Issue |
A&A
Volume 690, October 2024
|
|
---|---|---|
Article Number | A100 | |
Number of page(s) | 14 | |
Section | Interstellar and circumstellar matter | |
DOI | https://doi.org/10.1051/0004-6361/202450891 | |
Published online | 04 October 2024 |
Disentangling the dust and gas contributions of the JWST/MIRI spectrum of Sz 28
1
Space Research Institute, Austrian Academy of Sciences,
Schmiedlstrasse 6,
8042
Graz,
Austria
2
Kapteyn Astronomical Institute, University of Groningen,
PO Box 800,
9700
AV
Groningen,
The Netherlands
3
SRON Netherlands Institute for Space Research,
Niels Bohrweg 4,
2333CA
Leiden,
The Netherlands
4
Institute for Theoretical Physics and Computational Physics, Graz University of Technology,
Petersgasse 16,
8010
Graz,
Austria
★ Corresponding author; e-mail: till.kaeufer@oeaw.ac.at
Received:
28
May
2024
Accepted:
8
August
2024
Context. Recent spectra of protoplanetary disks around very low-mass stars (VLMS), captured by the Mid-InfraRed Instrument (MIRI) on board the James Webb Space Telescope (JWST), reveal a rich carbon chemistry. Current interpretations of these spectra are based on 0D slab models and provide valuable estimates for molecular emission temperatures and column densities in the innermost disk (radius ≲ 1 au). However, the established fitting procedures and simplified models are challenged by the many overlapping gas features.
Aims. We aim to simultaneously determine the molecular and the dust composition of the disk around the VLMS Sz 28 in a Bayesian way.
Methods. We modelled the JWST/MIRI spectrum of Sz 28 up to 17 μm using the Dust Continuum Kit with Line emission from Gas (DuCKLinG). Systematically excluding different molecules from the Bayesian analysis allowed for an evidence determination of all investigated molecules and isotopologues.
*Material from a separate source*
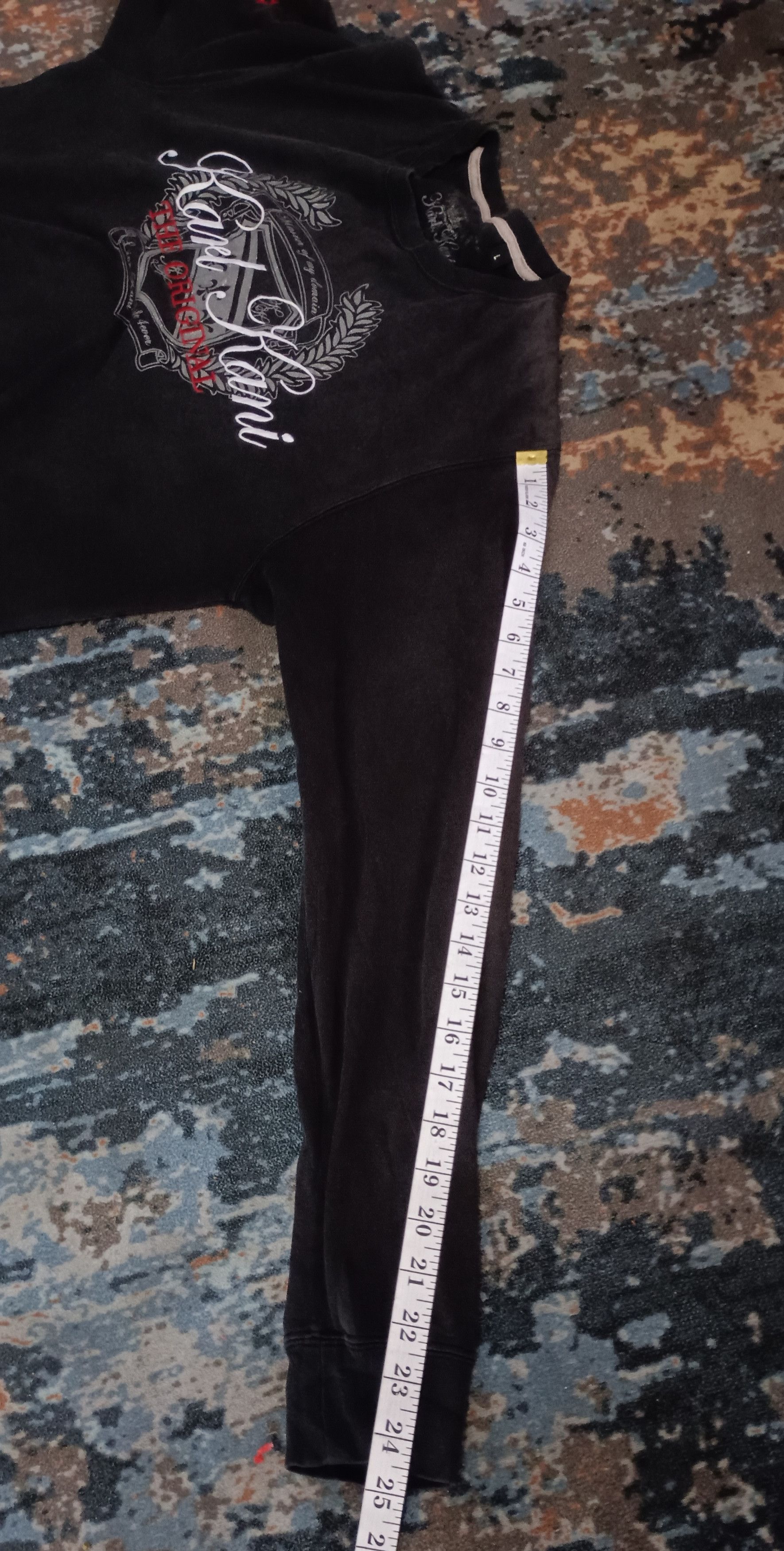 Japanese Brand × Karl Kani Karl Kani "Live Kani Life 4 Ever" Embroidered Logo Size US M / EU 48-50 / 2 - 12 Thumbnail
We continued by examining the emission conditions and locations of all molecules, analysing the differences to previous 0D slab fitting, and analysing the dust composition.
Results. We find very strong Bayesian evidence for the presence of C2H2, HCN, C6H6, CO2, HC3N, C2H6, C3H4, C4H2, and CH4 in the JWST/MIRI spectrum of Sz 28. Additionally, we identify CH3 and find tentative indications for NH3. There is no evidence for water in the spectrum. However, we show that column densities of up to 2 × 1017 cm−2 could be hidden in the observational noise if assuming similar emission conditions of water as the detected hydrocarbons. Contrary to previous 0D slab results, a C4H2 quasi-continuum is robustly identified. We confirm previous conclusions that the dust in Sz 28 is highly evolved, with large grains (5 μm) and a high crystallinity fraction being retrieved. We expect some of the stated differences to previous 0D slab fitting results to arise from an updated data reduction of the spectrum, but also due to the different modelling process. The latter reason underpins the need for more advanced models and fitting procedures.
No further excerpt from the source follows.